[Short text fragments from websites]

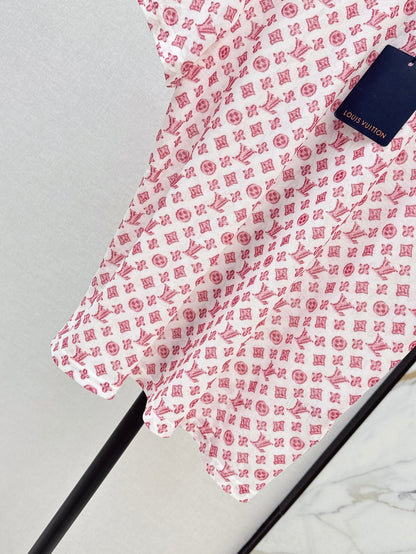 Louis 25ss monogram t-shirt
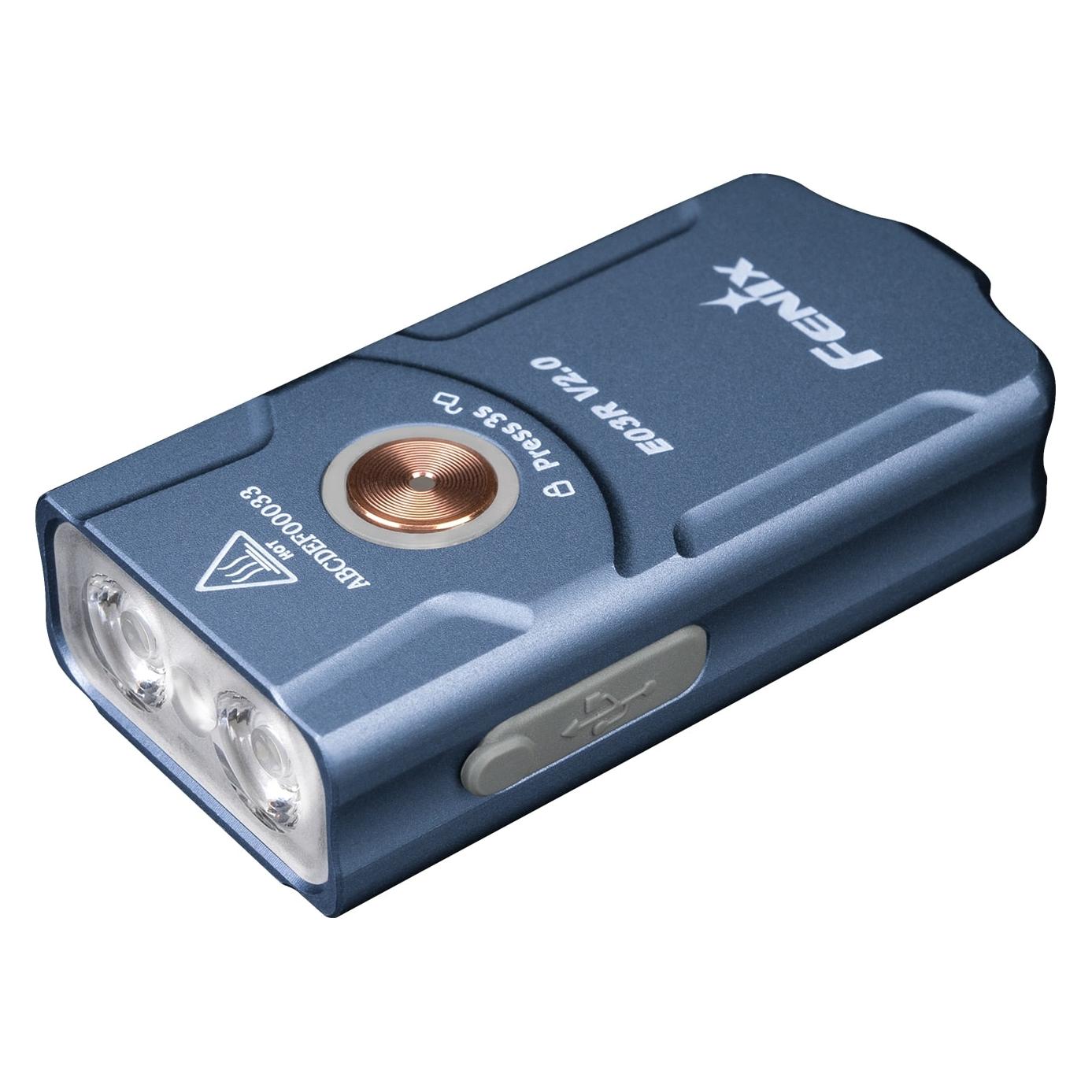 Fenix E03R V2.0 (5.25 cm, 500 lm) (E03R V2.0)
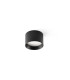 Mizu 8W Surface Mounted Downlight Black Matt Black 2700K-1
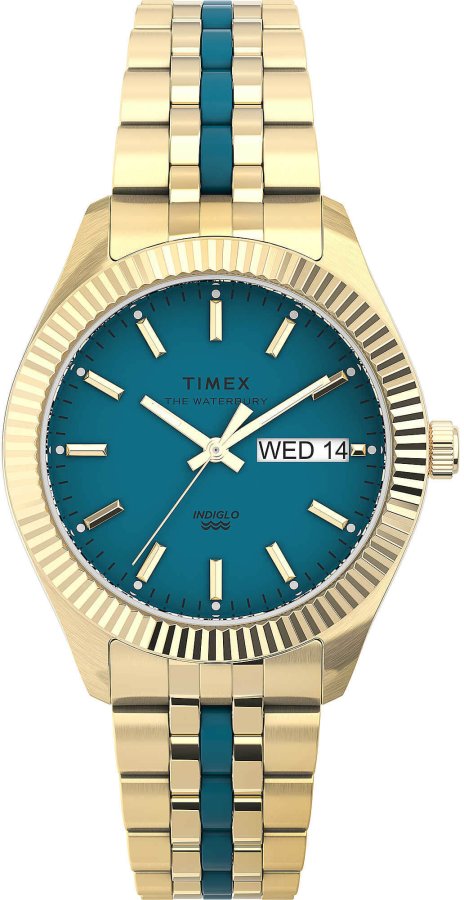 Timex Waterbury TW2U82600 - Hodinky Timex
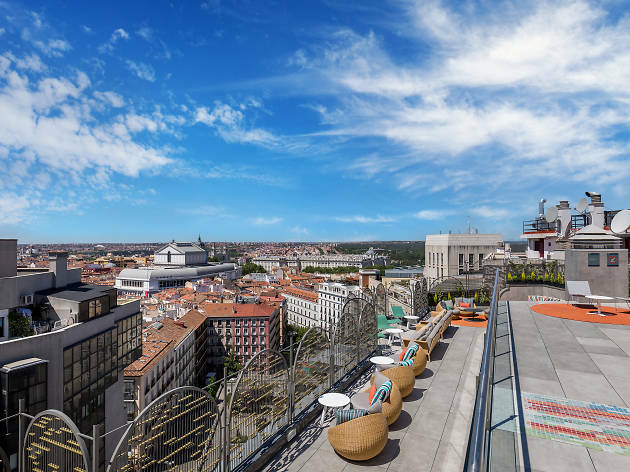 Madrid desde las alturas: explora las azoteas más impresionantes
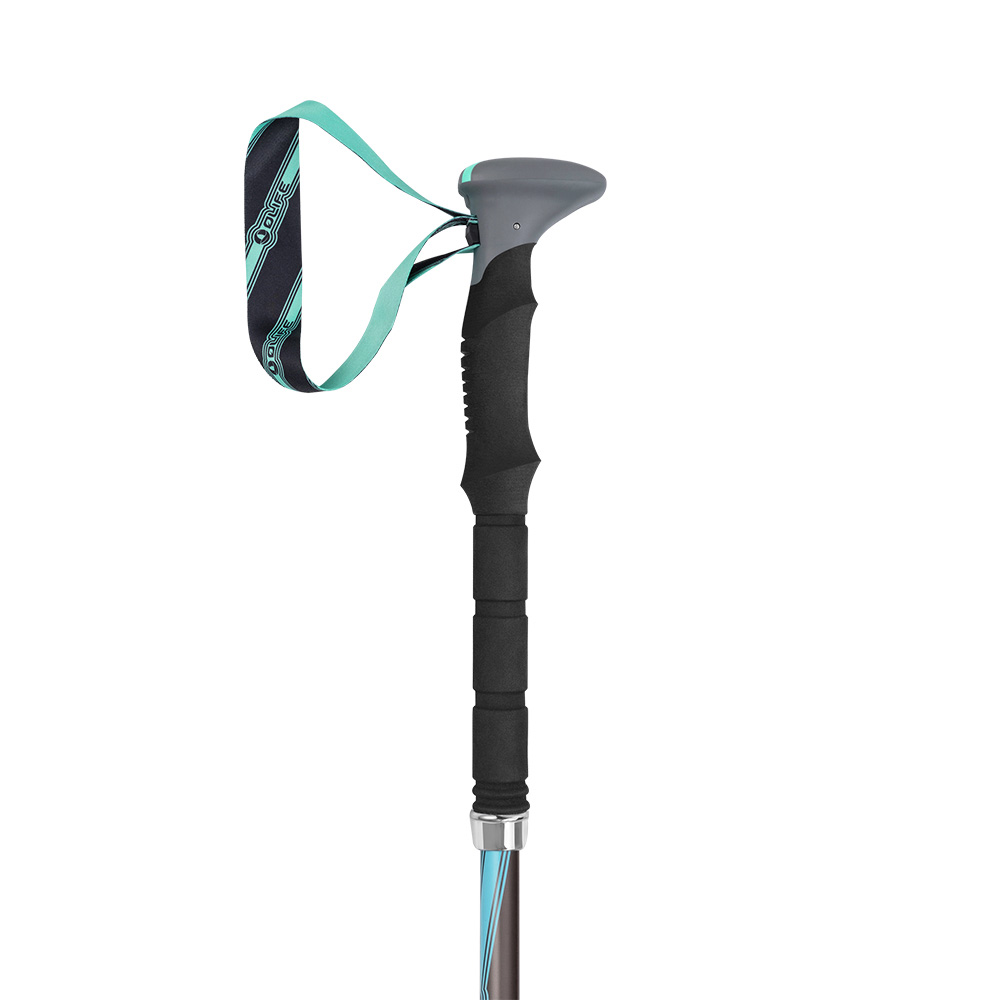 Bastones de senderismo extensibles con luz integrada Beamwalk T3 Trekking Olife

#### Exercise objective
Final stretch of the data: repeat exactly each line from the one containing "Timex Waterbury TW2U82600 - Hodinky Timex" through the last, and omit all pictures.

#### Written response
 Timex Waterbury TW2U82600 - Hodinky Timex
 Madrid desde las alturas: explora las azoteas más impresionantes
 Bastones de senderismo extensibles con luz integrada Beamwalk T3 Trekking Olife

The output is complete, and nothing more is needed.